THE TASK :: Write out all of the records exactly once more and skip the images.

____ DATA SHOWN

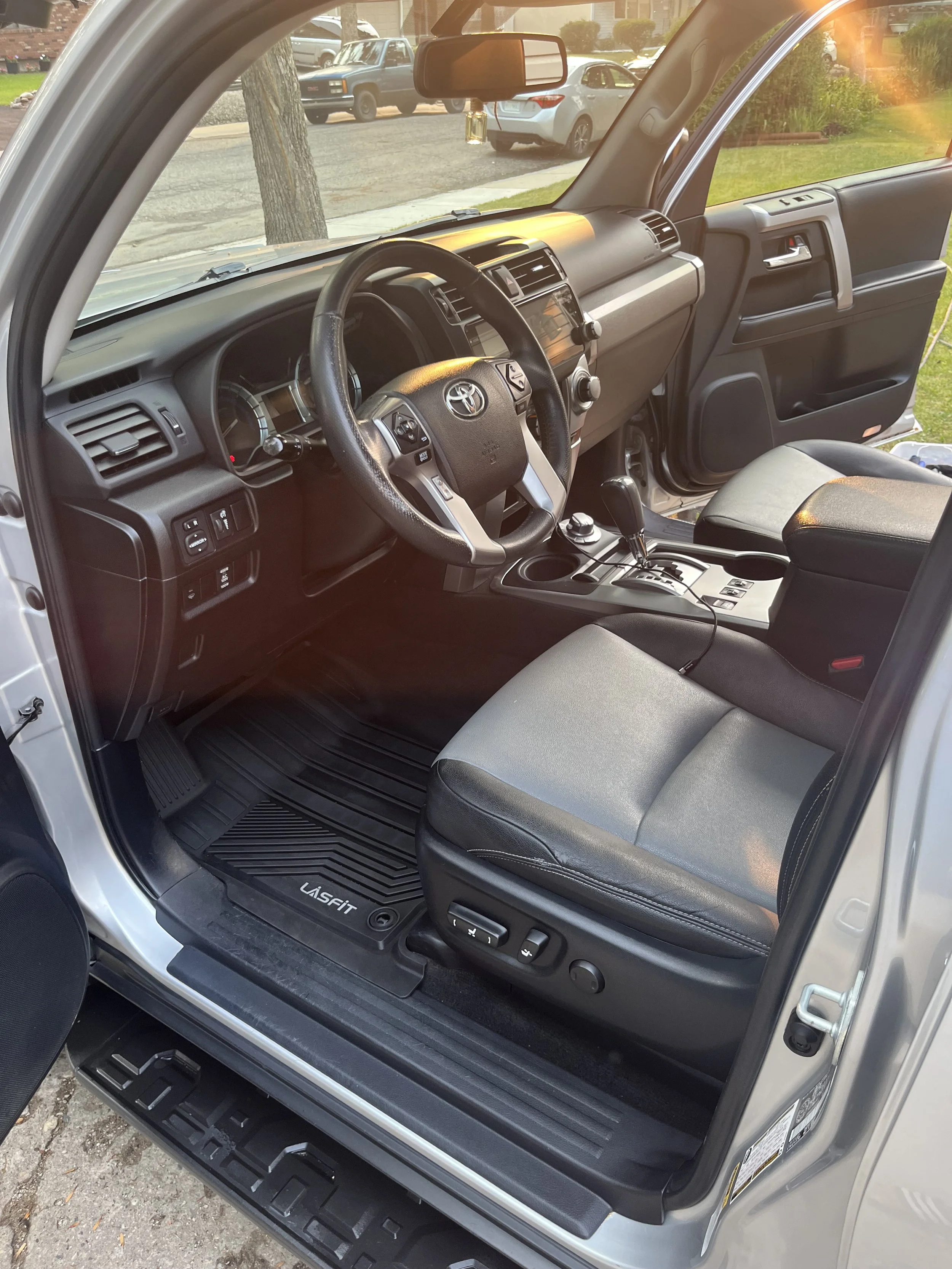 Interior of a Toyota vehicle showing the driver’s seat, steering wheel, dashboard, and center console with gear shift. The seat has controls visible, and the floor mat says 'LusFit.' Outside the vehicle, other parked cars and a tree are visible.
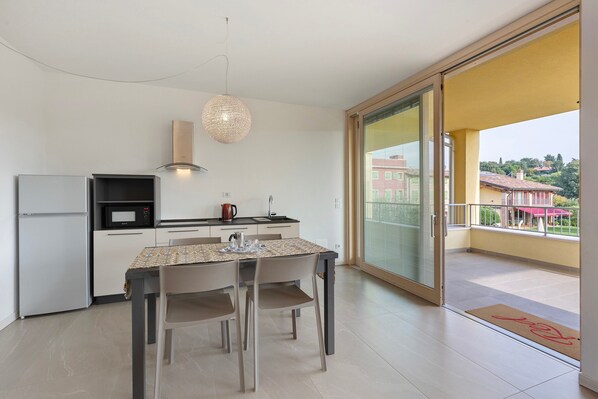 A modern kitchen with a dining table, chairs, a microwave, and a hanging light fixture.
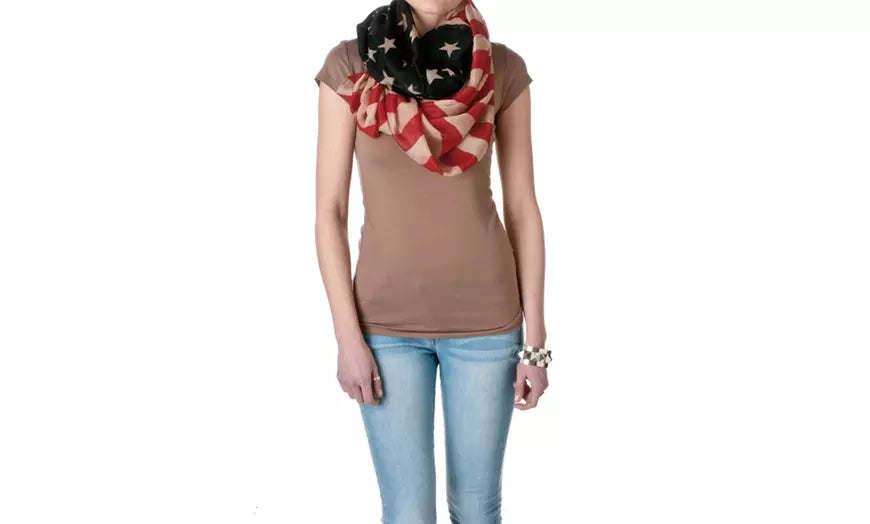 Infinity scarf worn by model, black with red and cream stars and striped bands, looped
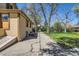 Backyard exterior with mature trees, a paved path, and ample space for landscaping at 5475 W 1St Ave, Lakewood, CO 80226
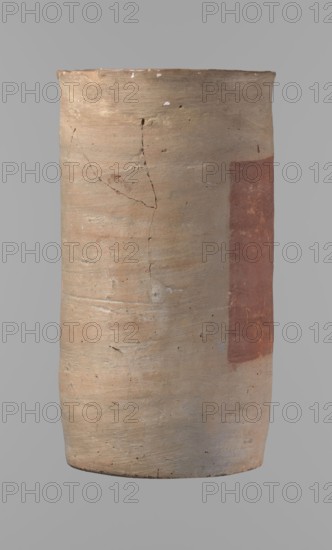 Canopic urn, Clay canopic urn with a cylindrical shape and a flat bottom and a flat, straight rim. Vessel made on the wheel of Nile clay type NB2 Vienna System. Bottom is cut off with a knife; surface leveled. On the outer wall is a rectangle painted in red, measuring 11.5 cm width by 11 cm height. Color of vessel: light brown. Preservation quite good — rim partially filled with plaster and painted. Date: ca. 1550–ca. 1069 BC New Kingdom, provenance: Deir el-Medina. Function: canopic urn. Dimensions: height 23.5 cm; diameter 12.5 cm rim; diameter 11.4 cm bottom., A tall cylindrical ceramic vessel with a matte, weathered surface showing a range of earthy colors including beige, light tan, pale cream, and a vertical patch of muted reddish-brown on one side; the surface has visible cracks, small pits, and irregular texture variations, with subtle horizontal striations and areas of slightly darker and lighter tones, and a top rim that is uneven and worn.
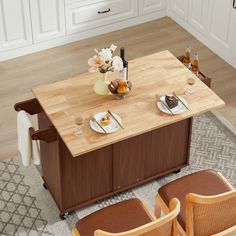 a kitchen table with two chairs and a vase on it, next to the counter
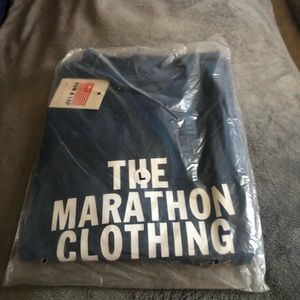 The Marathon Clothing. Brand new with tags Blue T-Shirt in original packaging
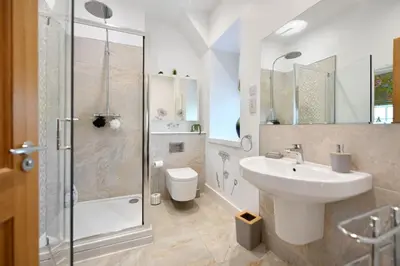 a bathroom with a sink and a shower and a toilet at 20 The Courtyard, Ballochmyle House in Mauchline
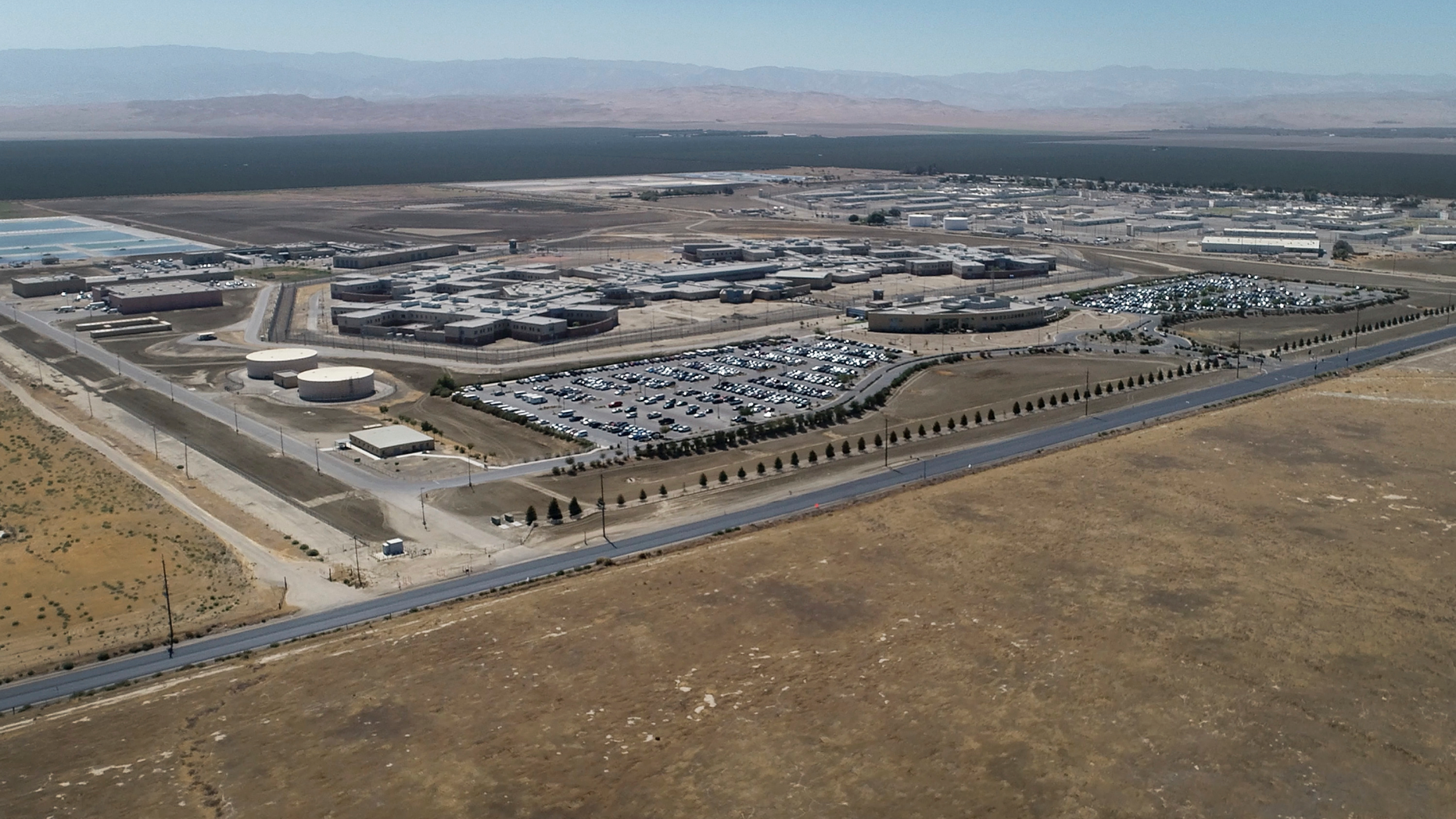 The Coalinga State Hospital, which houses sexually violent predators, is shown near Coalinga, Calif., Sept. 16, 2018. About 30 men in the country illegally and with sex crime records remain in custody despite having completed their sentences and wanting to be deported. (Craig Kohlruss/Fresno Bee via AP)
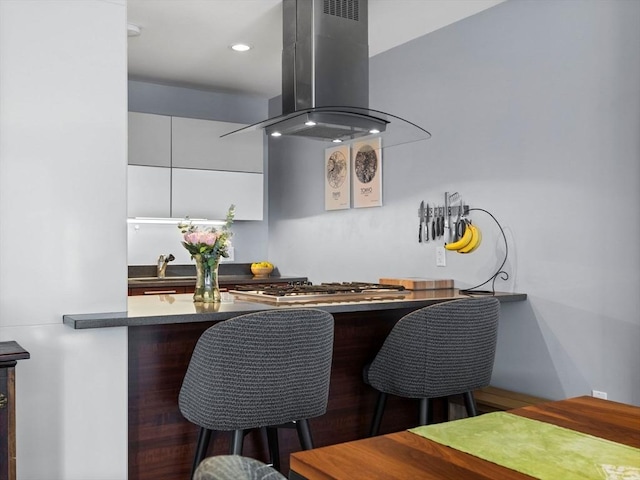 kitchen featuring dark countertops, island range hood, a breakfast bar area, stainless steel gas stovetop, and a sink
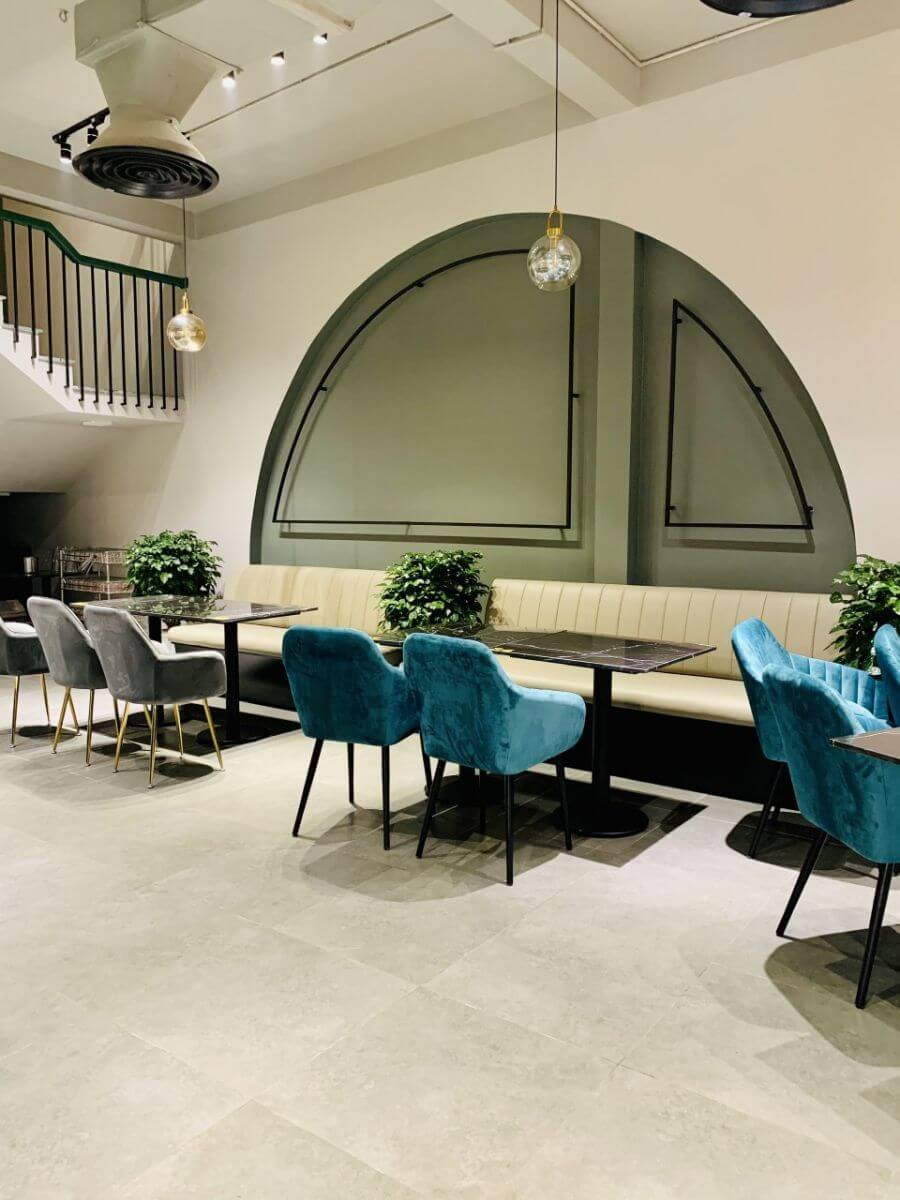 Qu&aacute;n c&agrave; ph&ecirc; hiện đại với b&agrave;n ghế m&agrave;u x&aacute;m v&agrave; xanh, c&acirc;y trang tr&iacute;, &aacute;nh s&aacute;ng đ&egrave;n treo v&agrave; cửa sổ h&igrave;nh v&ograve;m.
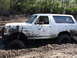 1989 Ford Bronco - This white Ford Bronco is deeply stuck in a muddy off-road area, with trees in the background.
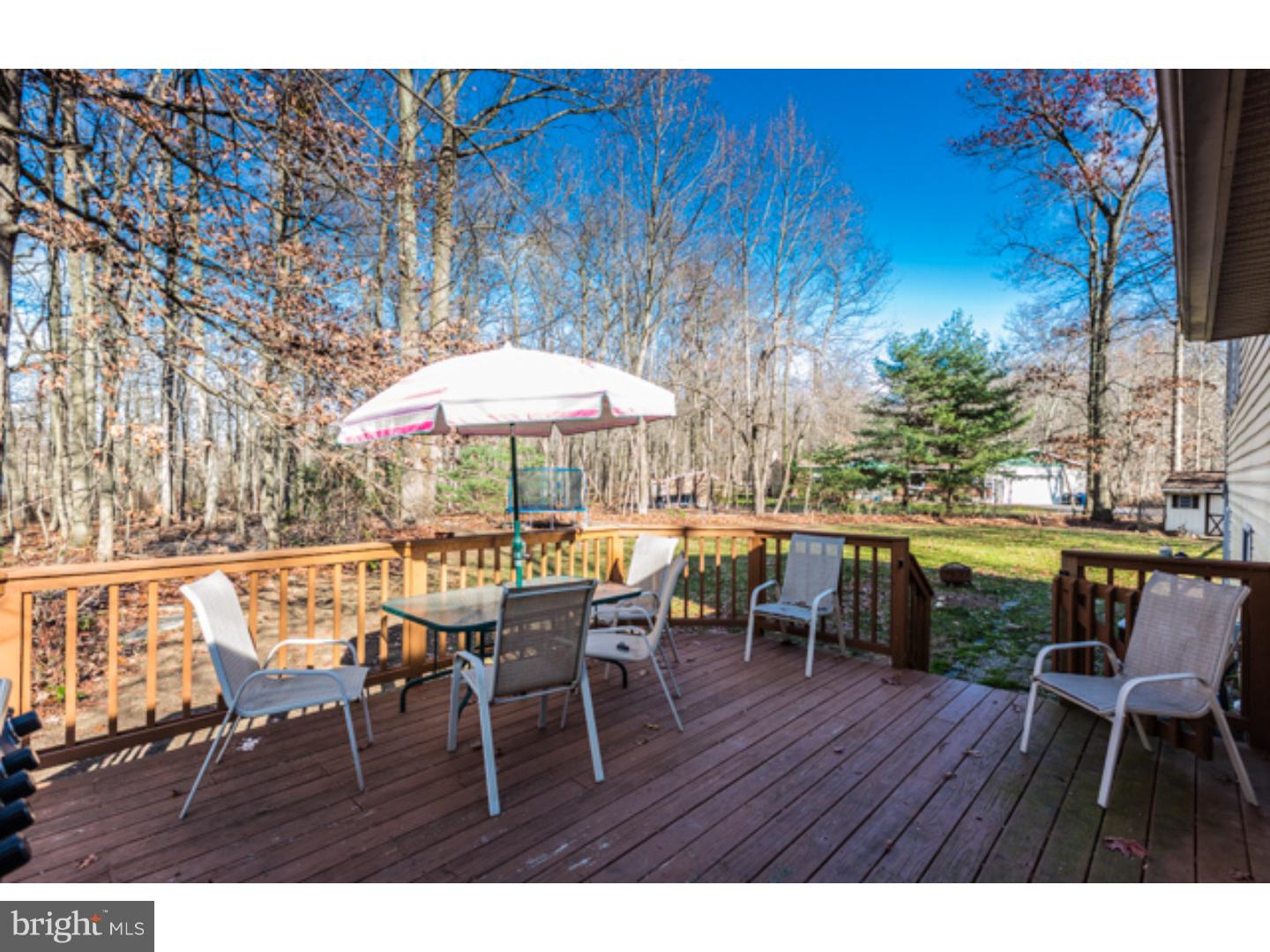 232 Cambridge Road Coatesville, PA 19320 - Photo 3 of 25 a view of a chairs and table on the wooden floor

________

ANSWER TO THE EXERCISE ::
 Interior of a Toyota vehicle showing the driver’s seat, steering wheel, dashboard, and center console with gear shift. The seat has controls visible, and the floor mat says 'LusFit.' Outside the vehicle, other parked cars and a tree are visible.
 A modern kitchen with a dining table, chairs, a microwave, and a hanging light fixture.
 Infinity scarf worn by model, black with red and cream stars and striped bands, looped
 Backyard exterior with mature trees, a paved path, and ample space for landscaping at 5475 W 1St Ave, Lakewood, CO 80226
 Canopic urn, Clay canopic urn with a cylindrical shape and a flat bottom and a flat, straight rim. Vessel made on the wheel of Nile clay type NB2 Vienna System. Bottom is cut off with a knife; surface leveled. On the outer wall is a rectangle painted in red, measuring 11.5 cm width by 11 cm height. Color of vessel: light brown. Preservation quite good — rim partially filled with plaster and painted. Date: ca. 1550–ca. 1069 BC New Kingdom, provenance: Deir el-Medina. Function: canopic urn. Dimensions: height 23.5 cm; diameter 12.5 cm rim; diameter 11.4 cm bottom., A tall cylindrical ceramic vessel with a matte, weathered surface showing a range of earthy colors including beige, light tan, pale cream, and a vertical patch of muted reddish-brown on one side; the surface has visible cracks, small pits, and irregular texture variations, with subtle horizontal striations and areas of slightly darker and lighter tones, and a top rim that is uneven and worn.
 a kitchen table with two chairs and a vase on it, next to the counter
 The Marathon Clothing. Brand new with tags Blue T-Shirt in original packaging
 a bathroom with a sink and a shower and a toilet at 20 The Courtyard, Ballochmyle House in Mauchline
 The Coalinga State Hospital, which houses sexually violent predators, is shown near Coalinga, Calif., Sept. 16, 2018. About 30 men in the country illegally and with sex crime records remain in custody despite having completed their sentences and wanting to be deported. (Craig Kohlruss/Fresno Bee via AP)
 kitchen featuring dark countertops, island range hood, a breakfast bar area, stainless steel gas stovetop, and a sink
 Qu&aacute;n c&agrave; ph&ecirc; hiện đại với b&agrave;n ghế m&agrave;u x&aacute;m v&agrave; xanh, c&acirc;y trang tr&iacute;, &aacute;nh s&aacute;ng đ&egrave;n treo v&agrave; cửa sổ h&igrave;nh v&ograve;m.
 1989 Ford Bronco - This white Ford Bronco is deeply stuck in a muddy off-road area, with trees in the background.
 232 Cambridge Road Coatesville, PA 19320 - Photo 3 of 25 a view of a chairs and table on the wooden floor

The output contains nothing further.